Cuando yo era pequeño, la moda eran las creaciones de los grandes modistos (Coco Chanel, Pertegaz, Balenciaga), algo que mi madre y mis tías veían en las revistas ilustradas y comentaban con la resignada admiración con que se habla de algo deseado e inalcanzable, la materia de que están hechos los sueños. En aquella época, llamémosla dorada, los pases de modelos eran ceremonias reservadas a unos pocos, actos elegantes y distendidos. Las maniquís (o maniquíes) caminaban lenta y grácilmente entre candelabros y cortinajes, con una sonrisa de complicidad, conscientes de exhibir lo que el dinero y el buen gusto unidos podían construir: el lujo. Hoy en día los desfiles de moda se hacen en recintos grandes, abarrotados, y las supermodelos recorren la pasarela a toda velocidad, con el ceño fruncido, los puños apretados y una cara de malas pulgas que da miedo.

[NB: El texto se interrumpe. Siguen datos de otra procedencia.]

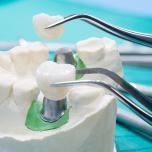 Rigetto impianto dentale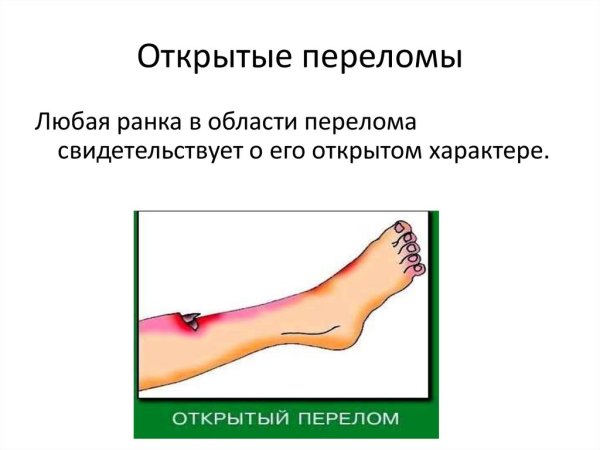 Первично открытый перелом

En esa puesta en escena hay algo militar, cosa que, en el fondo, tiene su lógica, porque desde sus orígenes el ejército y la moda han ido de la mano: las legiones romanas, la armada napoleónica, la guardia prusiana de Federico el Grande: grandes desfiles de diseños y colores, sin olvidar las pieles, las plumas y los complementos. La única excepción a esta regla debían de ser los tercios de Flandes, que nos han dejado una imagen algo zarrapastrosa, por influencia de la novela picaresca y la pintura de sus contemporáneos.

La actitud de los filósofos es más parecida a la de las supermodelos de hoy: seria, severa, cariacontecida. Caminan absortos en pensamientos tan complejos que cualquier interrupción podría desbaratar una labor de años. De ahí que pongan cara de no molestar, de prohibido el paso, de cuidado con el perro. Pero quizá todo esto sean imaginaciones de quien ve las cosas desde fuera.

Johann Gottfried Herder era un filósofo alemán. Aunque no figura en el olimpo reservado a las grandes firmas (Kant, Hegel, Nietzsche, Schopenhauer), en su tiempo tuvo una influencia que llega hasta el nuestro. Además de filósofo era teólogo, lo que le confería una imagen doblemente formidable. En sus memorias, Goethe, que lo admiraba, dice que Herder tenía un solo pensamiento in mente, y ese pensamiento era el mundo entero. En el primer encuentro entre ambos, Goethe tenía 21 años y Herder, 26. Ya anciano, Goethe rememoraba aquel momento decisivo: Herder bajando una escalera con aire distinguido, peluca empolvada, traje negro y un abrigo también negro, largo, de seda, con los faldones recogidos y metidos en los bolsillos de los pantalones. ¿Para evitar que se ensuciasen?, ¿para no tropezar?, ¿para seguir los dictados de una moda pasajera? Goethe no lo explica y así queda fijado en la memoria este gesto, el pase de modelos de un filósofo, retratado por el agudo observador que a su vez es retratado ahora en efigie, pétreo y austero, en la inclemencia del crudo invierno centroeuropeo.